High Court Division Bench set aside the conviction
3. The Division Bench of the High Court, vide the common impugned judgment and order dated 14th December, 2011, allowed the individual criminal appeals preferred by each of the accused respondents and set aside their conviction and sentences imposed by the trial Court and acquitted them of the charges by extending them the benefit of doubt on the ground of insufficiency of evidence and patent infirmities in the prosecution case.
Case of prosecution
Man missing case: 5. Succinctly stated, the case of the prosecution is that on 23rd January, 2006, Navneet Sharma (PW15)5 lodged a missing report at Police Station Mahamandir, Jodhpur at 12:40 P.M. alleging that his father Shri Suresh Sharma had gone missing. It was stated in the missing person report that Shri Suresh Sharma had some ongoing disputes with Vijay Punia and Gokalram pertaining to the lands situated in the village Nandri District, Jodhpur. On 21st January, 2006, a telephone call made by a property dealer was received on the landline number at the complainant’s residence at Luhar Colony, Paota, and the same was attended by Shri Suresh Sharma who conveyed to the caller that he would be visiting the subject site on the next day. On the following day, Shri Suresh Sharma left his house at about 6:00 P.M. to visit the agricultural fields located at the Village Banad, however, he did not return, and no information was forthcoming regarding his whereabouts. On the morning of 23rd January, 2006, the complainant-Navneet (PW-15) was informed by Dhanna Ram (PW-11) that while he was sitting at the shop of Ratanlal, he had seen Shri Suresh Sharma proceeding towards Banad. A missing person case was registered, and inquiry was assigned to Assistant Sub Inspector of Police.
Message received of a human body: 6. While the action upon the missing person report was being contemplated, a message was received at the Police Station Mahamandir, Jodhpur at about 12:50 P.M. regarding the discovery of a human dead body lying between villages Jajiwal Gahlotan and Jajiwal Bhatiyan.
Hands of the deceased were tied behind: 7. Upon receiving this information, the complainant-Navneet (PW-15) immediately rushed to the spot along with the police personnel and found the dead body of his father Shri Suresh Sharma lying on the ground. The police personnel from the Police Station Dangiawas were present at the spot in advance. The complainant-Navneet (PW15) noticed that the hands of the deceased-Shri Suresh had been tied behind his back with an iron wire, and his legs had been fastened with help of a piece of cloth. One shoe was missing and there were visible signs of efforts made to efface the identity by crushing the face. The neck was inflamed with red marks.

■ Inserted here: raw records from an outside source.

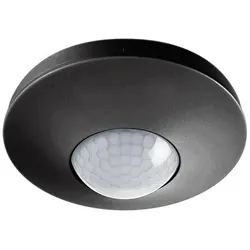 Esylux EP10055553 Decken-Präsenzmelder 360°, Unterputz, Slave, Reichweite ca. Ø 8 m, weiß PD-C 360/8 Slave BK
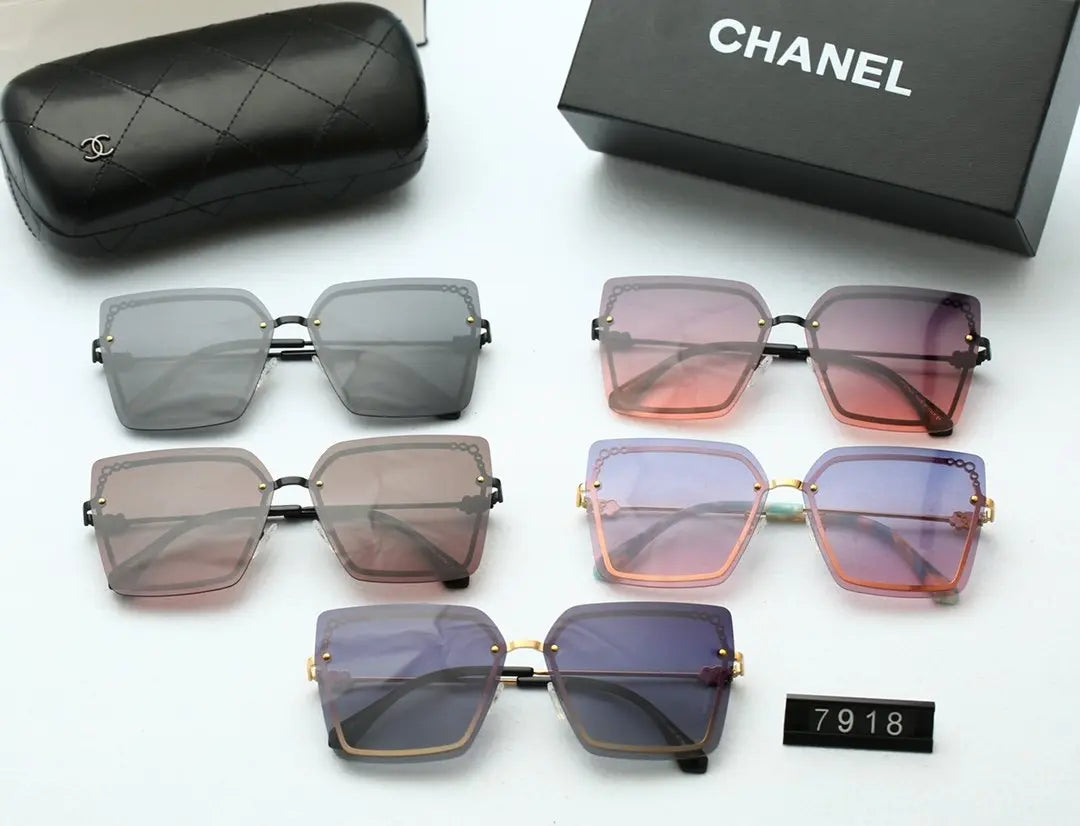 5 COLORS WOMEN FASHION POLYGON SUNGLASSES lbcase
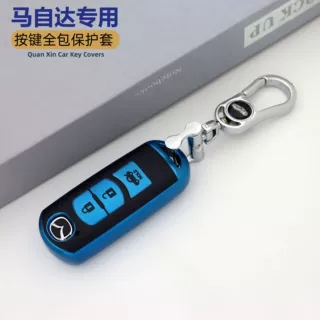 适用马自达昂克赛拉钥匙套CX4阿特兹CX5马3创意汽车包高档壳扣女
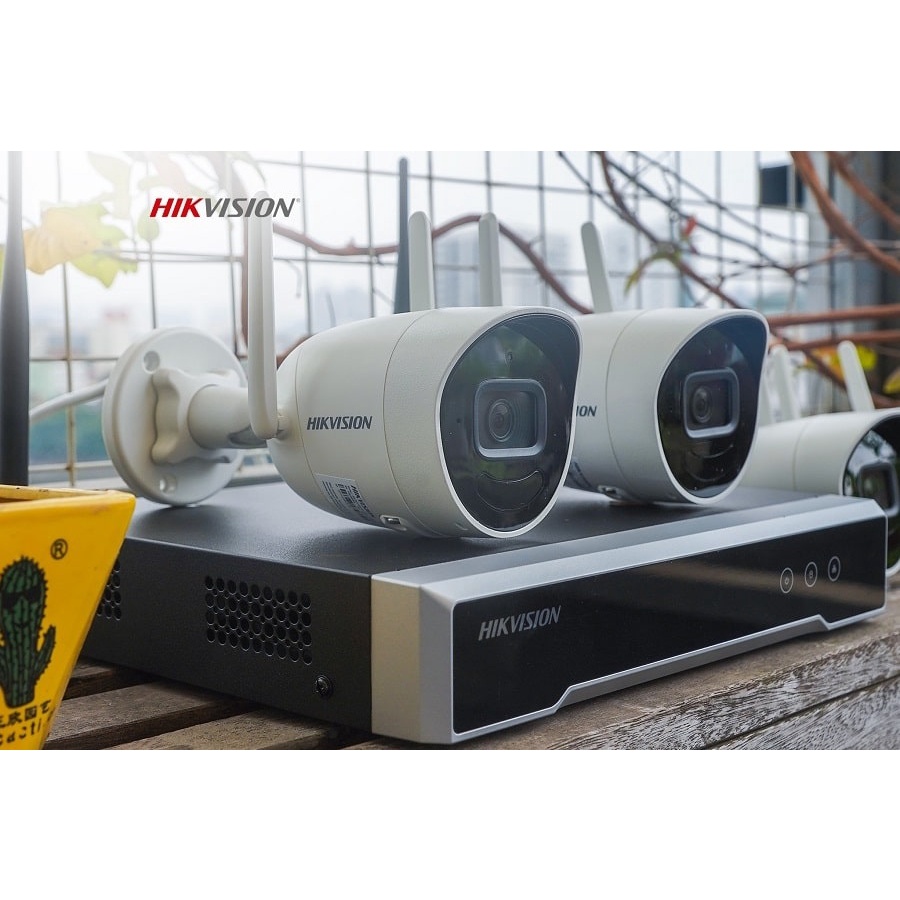 Bộ Kit Camera Wifi Hikvision NK42W0H  - 4 Camera 2.0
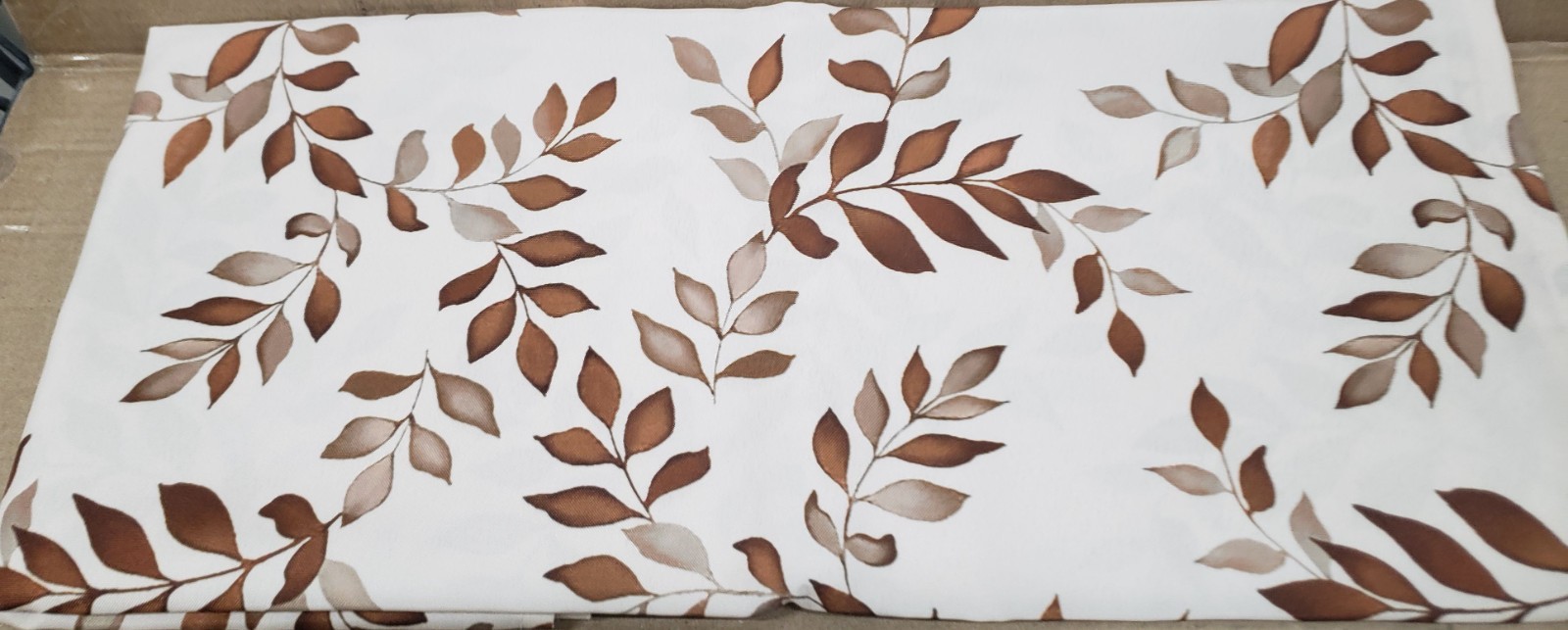Set of 2 Printed Kitchen Tiers (29″ x 36″) (no Swag Valance) BROWN LEAVES, CE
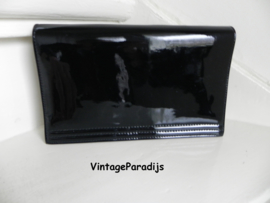Vintage lakleder clutch (2356)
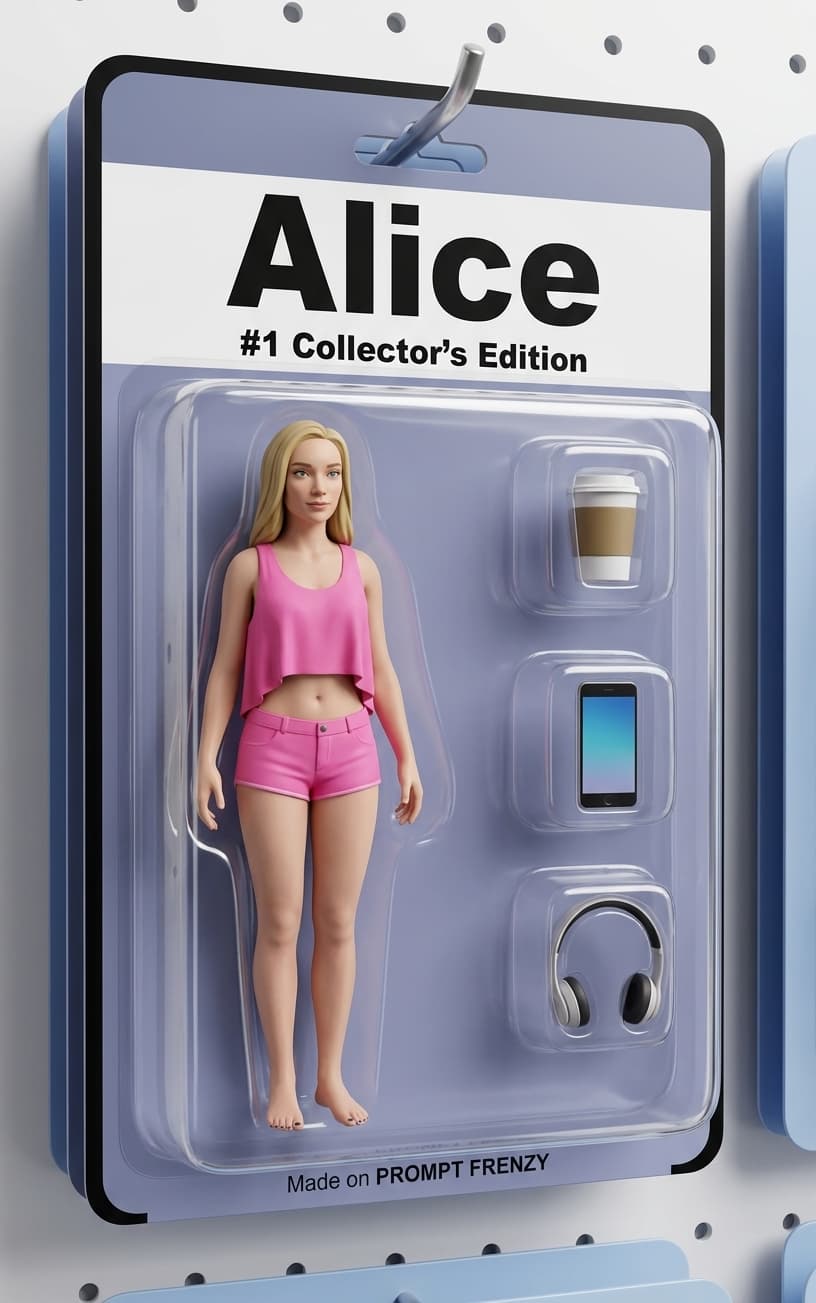 Action Figure in Blister Pack Prompt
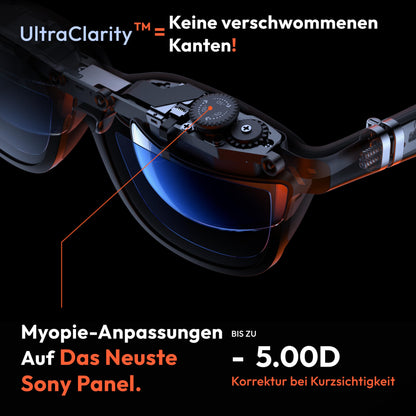 VITURE Pro XR/AR Brille mit 135" 120Hz Display - Mattschwarz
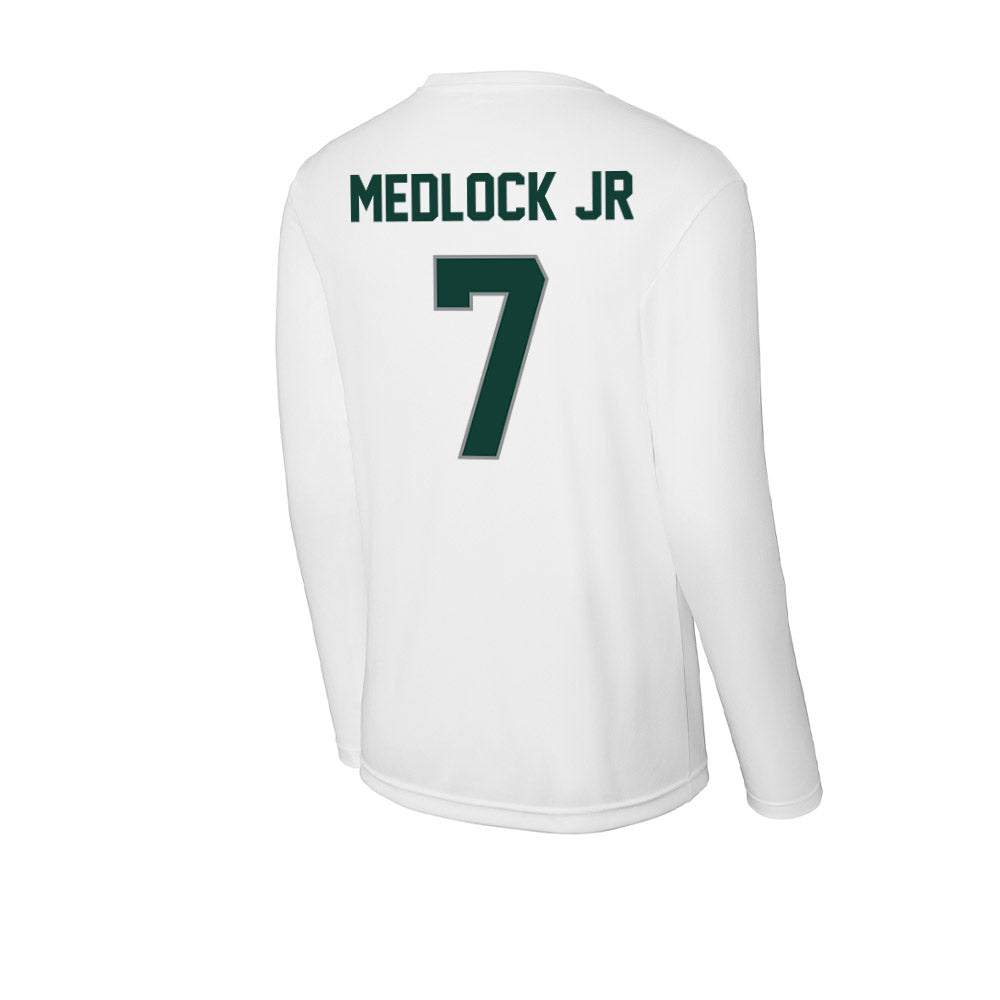Michigan State - NCAA Men's Basketball : Carlos Medlock jr - Activewear Long Sleeve T-Shirt-1
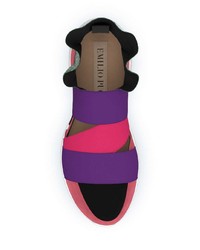 Chaussures de sport multicolores Emilio Pucci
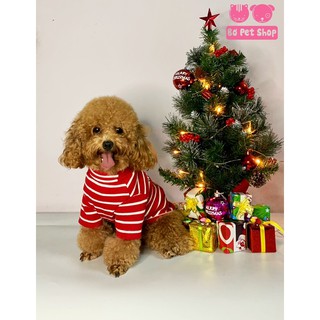 Áo cổ lọ noel cho chó/mèo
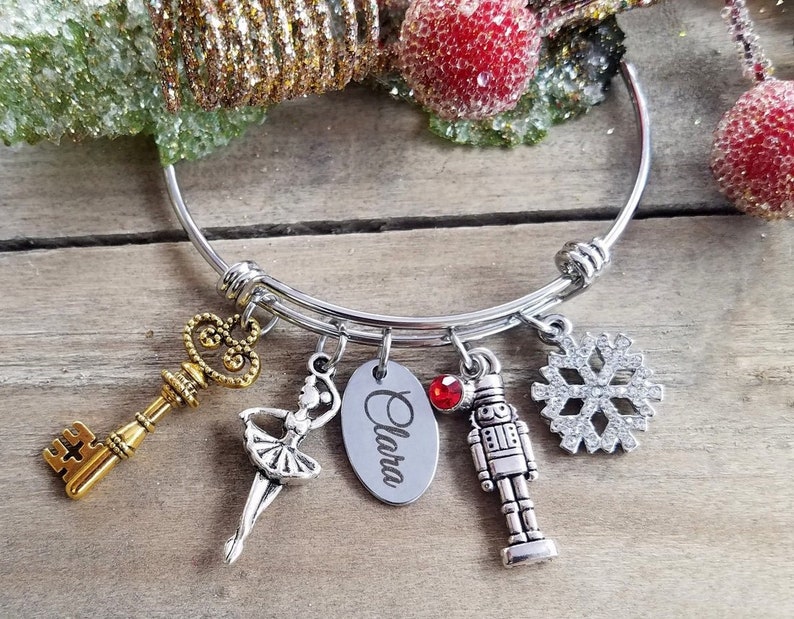 The Nutcracker and the Four Realms Clara Charm Bangle Bracelet Etsy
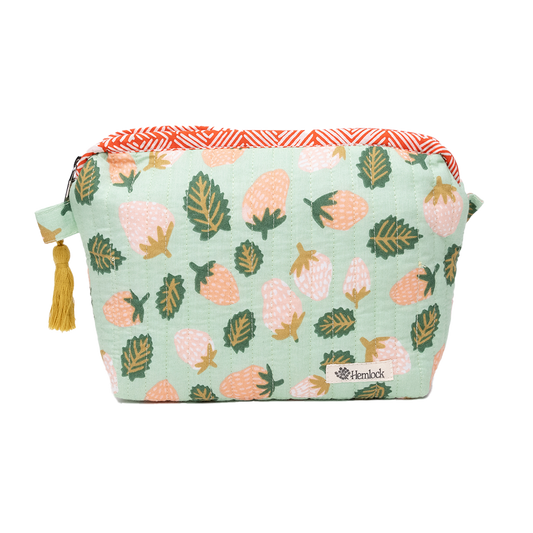 Suzette Quilted Zipper Pouch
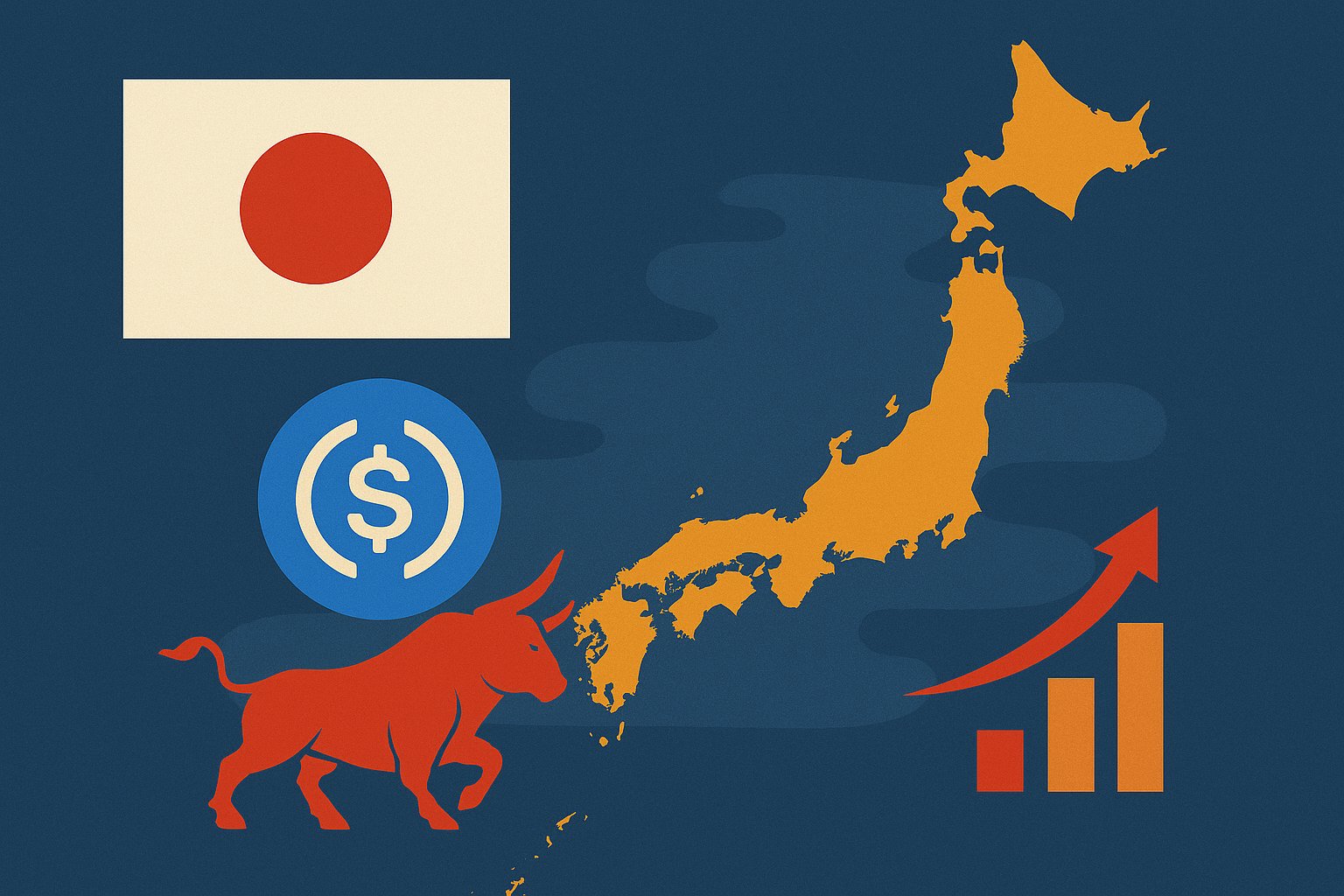 Crypto DeFi world struck after Nostra halted all operations. USDC crypto market thriving in Japan crypto scene.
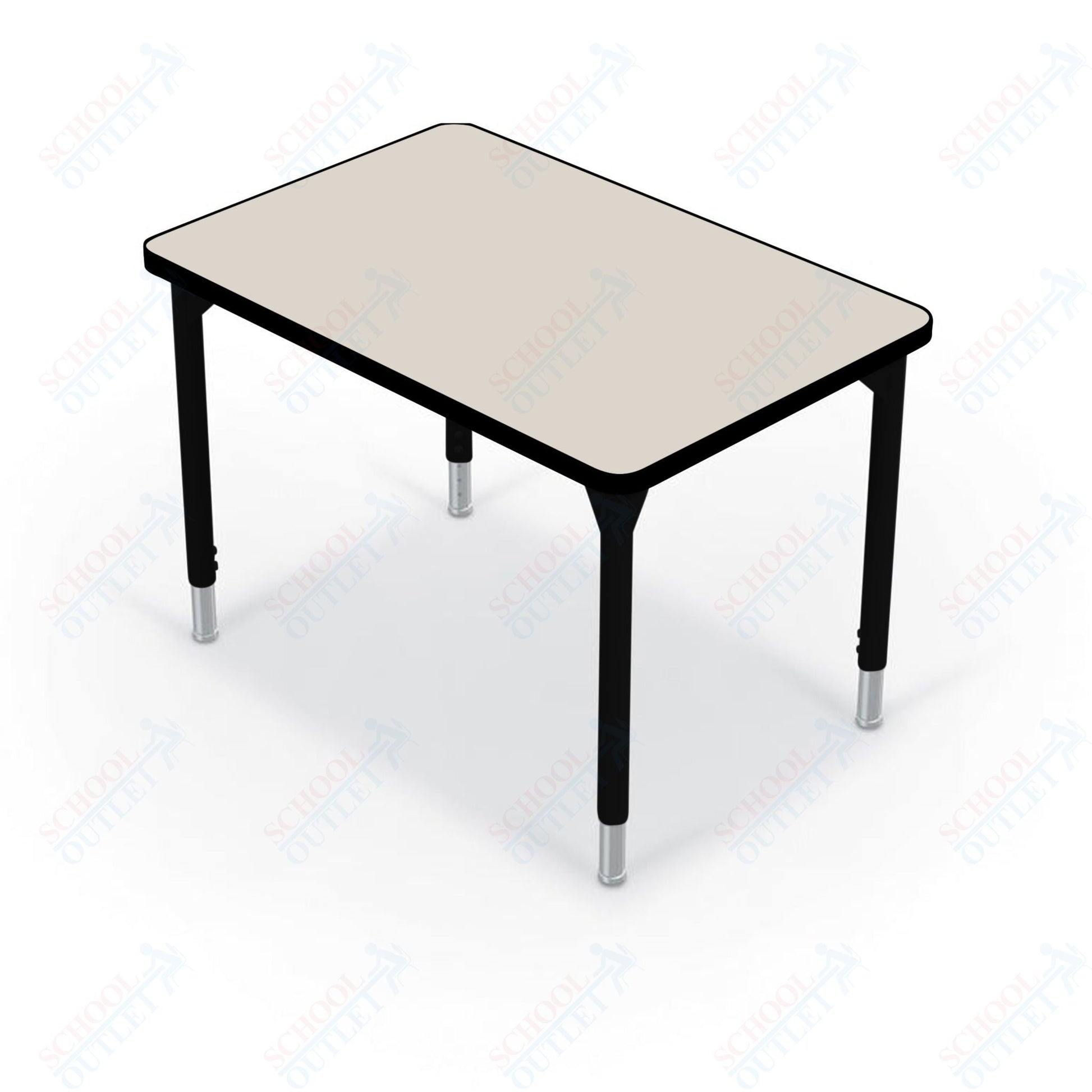 Hierarchy Rectangular School Activity Table (36"W x 24"D) HPL Top - Height Adjustable Legs by MooreCo - SchoolOutlet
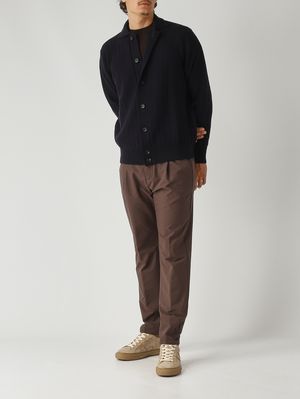 2. Cardigan uomo in extrafine merino Navy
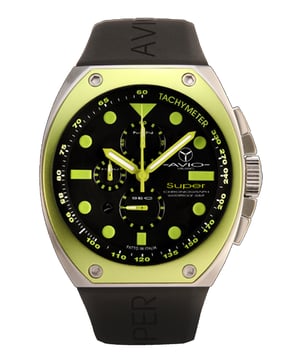 Avio milano: reloj súper negro para hombre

FIR registered: 8. Pursuant to recovery of the dead body, FIR No. 7 of 2006 came to be registered at the Police Station Dangiyawas at the instance of the complainantNavneet (PW-15) for the offences punishable under Sections 302 and 201 IPC. The usual course of investigation was undertaken. The dead body was subjected to inquest proceedings and subsequently forwarded to the hospital for postmortem examination.
Post-mortem injuries (20) and strangulation: 9. The Medical Board, comprising Dr. V.K. Malhotra (PW-23), Dr. Yogiraj and Dr. Rajesh Vyas, conducted autopsy on the body of the deceased-Shri Suresh and issued the postmortem report (Exh. P35) taking note of about 20 injuries on the dead body, and the cause of death was opined to be antemortem strangulation.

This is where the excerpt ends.